- Opening Delimiter -

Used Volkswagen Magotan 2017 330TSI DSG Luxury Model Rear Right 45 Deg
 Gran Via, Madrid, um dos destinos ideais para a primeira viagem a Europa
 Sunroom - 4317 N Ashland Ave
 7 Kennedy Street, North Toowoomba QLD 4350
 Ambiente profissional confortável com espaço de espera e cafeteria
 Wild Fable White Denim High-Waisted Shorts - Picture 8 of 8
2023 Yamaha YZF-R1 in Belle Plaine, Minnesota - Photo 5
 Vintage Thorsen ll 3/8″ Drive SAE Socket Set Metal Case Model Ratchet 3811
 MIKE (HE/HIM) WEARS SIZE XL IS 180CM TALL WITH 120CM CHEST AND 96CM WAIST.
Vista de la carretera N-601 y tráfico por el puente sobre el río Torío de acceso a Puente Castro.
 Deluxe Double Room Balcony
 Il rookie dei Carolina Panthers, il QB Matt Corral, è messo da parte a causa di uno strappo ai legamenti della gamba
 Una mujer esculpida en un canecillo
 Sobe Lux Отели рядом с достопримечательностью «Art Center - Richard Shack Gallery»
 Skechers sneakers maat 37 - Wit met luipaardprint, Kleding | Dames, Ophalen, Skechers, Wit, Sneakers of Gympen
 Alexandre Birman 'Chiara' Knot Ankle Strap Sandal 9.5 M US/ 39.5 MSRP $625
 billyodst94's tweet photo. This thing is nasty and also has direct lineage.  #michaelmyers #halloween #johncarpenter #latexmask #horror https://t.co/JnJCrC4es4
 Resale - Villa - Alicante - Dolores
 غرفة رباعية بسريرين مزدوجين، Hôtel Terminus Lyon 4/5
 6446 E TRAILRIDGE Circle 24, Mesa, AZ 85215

- Closing Delimiter -

YOUR INSTRUCTIONS »
Give again the lines from the line holding "Deluxe Double Room Balcony" through the close of the listing, both included, exactly as written and with nothing else.

ANSWER SPACE »
 Deluxe Double Room Balcony
 Il rookie dei Carolina Panthers, il QB Matt Corral, è messo da parte a causa di uno strappo ai legamenti della gamba
 Una mujer esculpida en un canecillo
 Sobe Lux Отели рядом с достопримечательностью «Art Center - Richard Shack Gallery»
 Skechers sneakers maat 37 - Wit met luipaardprint, Kleding | Dames, Ophalen, Skechers, Wit, Sneakers of Gympen
 Alexandre Birman 'Chiara' Knot Ankle Strap Sandal 9.5 M US/ 39.5 MSRP $625
 billyodst94's tweet photo. This thing is nasty and also has direct lineage.  #michaelmyers #halloween #johncarpenter #latexmask #horror https://t.co/JnJCrC4es4
 Resale - Villa - Alicante - Dolores
 غرفة رباعية بسريرين مزدوجين، Hôtel Terminus Lyon 4/5
 6446 E TRAILRIDGE Circle 24, Mesa, AZ 85215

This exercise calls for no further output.